**Task prompt:**
For the entries below, the expected answer is the line with "Louis Vuitton Hiest", the line with "Medium Pink Pansy Organza Drawstring Bag", and every line between them, exactly as written, and nothing more.

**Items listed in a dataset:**
━━━━━━━━━━

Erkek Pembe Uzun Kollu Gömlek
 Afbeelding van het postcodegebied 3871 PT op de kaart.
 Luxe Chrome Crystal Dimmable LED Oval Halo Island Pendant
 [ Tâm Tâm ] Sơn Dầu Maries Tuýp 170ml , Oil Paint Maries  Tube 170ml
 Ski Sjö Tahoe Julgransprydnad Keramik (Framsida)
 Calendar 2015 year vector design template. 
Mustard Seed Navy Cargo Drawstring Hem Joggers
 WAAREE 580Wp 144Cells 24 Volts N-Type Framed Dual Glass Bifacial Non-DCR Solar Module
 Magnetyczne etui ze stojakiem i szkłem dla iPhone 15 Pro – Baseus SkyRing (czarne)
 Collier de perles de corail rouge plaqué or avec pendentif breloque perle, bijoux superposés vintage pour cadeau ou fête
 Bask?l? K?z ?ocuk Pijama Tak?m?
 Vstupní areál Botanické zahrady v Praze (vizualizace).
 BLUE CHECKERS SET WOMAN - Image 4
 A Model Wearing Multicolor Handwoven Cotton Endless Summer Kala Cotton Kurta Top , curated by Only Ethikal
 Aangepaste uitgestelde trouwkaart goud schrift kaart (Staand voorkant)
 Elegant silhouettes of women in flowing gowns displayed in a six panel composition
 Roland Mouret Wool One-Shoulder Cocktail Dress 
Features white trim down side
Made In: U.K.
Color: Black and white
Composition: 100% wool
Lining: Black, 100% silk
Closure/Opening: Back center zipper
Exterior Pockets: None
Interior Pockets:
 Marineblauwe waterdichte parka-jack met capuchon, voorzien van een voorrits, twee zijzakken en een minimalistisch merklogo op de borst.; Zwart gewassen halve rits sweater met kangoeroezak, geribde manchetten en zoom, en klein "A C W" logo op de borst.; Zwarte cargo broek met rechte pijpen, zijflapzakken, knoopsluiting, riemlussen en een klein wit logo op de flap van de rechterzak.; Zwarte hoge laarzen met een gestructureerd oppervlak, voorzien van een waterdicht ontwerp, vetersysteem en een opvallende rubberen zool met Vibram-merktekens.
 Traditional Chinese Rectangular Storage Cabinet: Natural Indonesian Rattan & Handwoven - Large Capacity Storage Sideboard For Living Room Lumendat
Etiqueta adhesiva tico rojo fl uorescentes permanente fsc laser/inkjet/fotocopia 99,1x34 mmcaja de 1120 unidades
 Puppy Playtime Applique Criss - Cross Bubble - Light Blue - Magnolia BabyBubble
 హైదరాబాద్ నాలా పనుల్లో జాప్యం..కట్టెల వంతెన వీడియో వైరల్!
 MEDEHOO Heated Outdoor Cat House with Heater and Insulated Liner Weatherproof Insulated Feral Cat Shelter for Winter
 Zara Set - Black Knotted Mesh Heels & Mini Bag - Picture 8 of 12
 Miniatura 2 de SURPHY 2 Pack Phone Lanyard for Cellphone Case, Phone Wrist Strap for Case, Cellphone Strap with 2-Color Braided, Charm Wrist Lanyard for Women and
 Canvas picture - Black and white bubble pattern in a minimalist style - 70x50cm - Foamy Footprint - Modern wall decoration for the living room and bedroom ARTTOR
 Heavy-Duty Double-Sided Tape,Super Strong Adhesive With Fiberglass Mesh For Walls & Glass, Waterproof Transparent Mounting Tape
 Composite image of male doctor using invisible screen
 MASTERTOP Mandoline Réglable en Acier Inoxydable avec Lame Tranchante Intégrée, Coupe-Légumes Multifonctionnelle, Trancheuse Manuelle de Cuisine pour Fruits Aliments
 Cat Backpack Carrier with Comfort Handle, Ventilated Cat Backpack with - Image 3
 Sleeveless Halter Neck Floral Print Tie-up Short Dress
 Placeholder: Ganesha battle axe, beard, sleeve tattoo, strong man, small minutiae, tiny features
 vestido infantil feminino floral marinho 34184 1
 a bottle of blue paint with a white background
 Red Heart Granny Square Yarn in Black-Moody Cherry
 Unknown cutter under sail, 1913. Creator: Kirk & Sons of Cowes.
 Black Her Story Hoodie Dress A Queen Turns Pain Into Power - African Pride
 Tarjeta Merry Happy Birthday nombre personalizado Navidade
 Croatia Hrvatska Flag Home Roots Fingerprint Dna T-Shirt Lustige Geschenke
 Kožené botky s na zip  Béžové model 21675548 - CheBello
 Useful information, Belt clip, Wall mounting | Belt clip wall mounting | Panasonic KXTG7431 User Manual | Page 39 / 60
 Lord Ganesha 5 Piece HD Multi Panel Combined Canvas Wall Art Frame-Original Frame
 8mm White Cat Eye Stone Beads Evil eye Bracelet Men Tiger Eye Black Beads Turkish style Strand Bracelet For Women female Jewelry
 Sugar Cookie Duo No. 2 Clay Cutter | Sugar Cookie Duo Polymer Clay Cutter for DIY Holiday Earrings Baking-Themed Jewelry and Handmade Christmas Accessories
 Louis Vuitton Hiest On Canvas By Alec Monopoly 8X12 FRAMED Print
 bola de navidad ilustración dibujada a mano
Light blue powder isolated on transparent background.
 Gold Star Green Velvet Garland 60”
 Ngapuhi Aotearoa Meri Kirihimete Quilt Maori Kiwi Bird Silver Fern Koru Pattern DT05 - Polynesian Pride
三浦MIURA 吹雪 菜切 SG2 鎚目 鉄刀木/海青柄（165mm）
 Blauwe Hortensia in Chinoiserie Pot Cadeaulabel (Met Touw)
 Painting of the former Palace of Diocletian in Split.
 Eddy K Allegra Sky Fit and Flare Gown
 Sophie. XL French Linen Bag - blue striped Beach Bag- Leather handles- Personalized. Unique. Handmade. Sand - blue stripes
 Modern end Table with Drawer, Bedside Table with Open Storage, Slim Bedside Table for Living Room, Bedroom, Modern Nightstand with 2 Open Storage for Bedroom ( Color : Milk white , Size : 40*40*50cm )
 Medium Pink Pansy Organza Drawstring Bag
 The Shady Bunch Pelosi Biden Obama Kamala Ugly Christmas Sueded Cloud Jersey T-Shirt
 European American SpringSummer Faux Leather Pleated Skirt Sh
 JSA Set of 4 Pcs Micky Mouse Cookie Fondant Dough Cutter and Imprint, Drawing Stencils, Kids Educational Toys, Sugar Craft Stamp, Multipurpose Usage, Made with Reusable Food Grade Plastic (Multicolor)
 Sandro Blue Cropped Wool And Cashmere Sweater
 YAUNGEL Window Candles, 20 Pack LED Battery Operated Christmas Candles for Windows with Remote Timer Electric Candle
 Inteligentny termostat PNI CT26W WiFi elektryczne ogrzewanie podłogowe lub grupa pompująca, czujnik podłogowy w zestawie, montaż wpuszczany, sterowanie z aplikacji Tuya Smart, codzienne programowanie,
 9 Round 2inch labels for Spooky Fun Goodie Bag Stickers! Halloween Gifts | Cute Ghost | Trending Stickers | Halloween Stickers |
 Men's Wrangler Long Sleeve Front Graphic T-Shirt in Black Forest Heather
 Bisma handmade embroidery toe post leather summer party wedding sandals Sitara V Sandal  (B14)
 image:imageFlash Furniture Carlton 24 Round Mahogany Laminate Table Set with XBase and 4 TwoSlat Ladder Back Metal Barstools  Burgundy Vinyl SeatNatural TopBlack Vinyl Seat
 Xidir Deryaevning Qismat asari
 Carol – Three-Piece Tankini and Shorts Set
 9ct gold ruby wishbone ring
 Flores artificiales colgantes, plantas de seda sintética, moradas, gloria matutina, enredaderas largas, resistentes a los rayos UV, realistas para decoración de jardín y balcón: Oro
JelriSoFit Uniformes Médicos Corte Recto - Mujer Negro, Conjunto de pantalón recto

━━━━━━━━━━

**Answer to the exercise:**
 Louis Vuitton Hiest On Canvas By Alec Monopoly 8X12 FRAMED Print
 bola de navidad ilustración dibujada a mano
Light blue powder isolated on transparent background.
 Gold Star Green Velvet Garland 60”
 Ngapuhi Aotearoa Meri Kirihimete Quilt Maori Kiwi Bird Silver Fern Koru Pattern DT05 - Polynesian Pride
三浦MIURA 吹雪 菜切 SG2 鎚目 鉄刀木/海青柄（165mm）
 Blauwe Hortensia in Chinoiserie Pot Cadeaulabel (Met Touw)
 Painting of the former Palace of Diocletian in Split.
 Eddy K Allegra Sky Fit and Flare Gown
 Sophie. XL French Linen Bag - blue striped Beach Bag- Leather handles- Personalized. Unique. Handmade. Sand - blue stripes
 Modern end Table with Drawer, Bedside Table with Open Storage, Slim Bedside Table for Living Room, Bedroom, Modern Nightstand with 2 Open Storage for Bedroom ( Color : Milk white , Size : 40*40*50cm )
 Medium Pink Pansy Organza Drawstring Bag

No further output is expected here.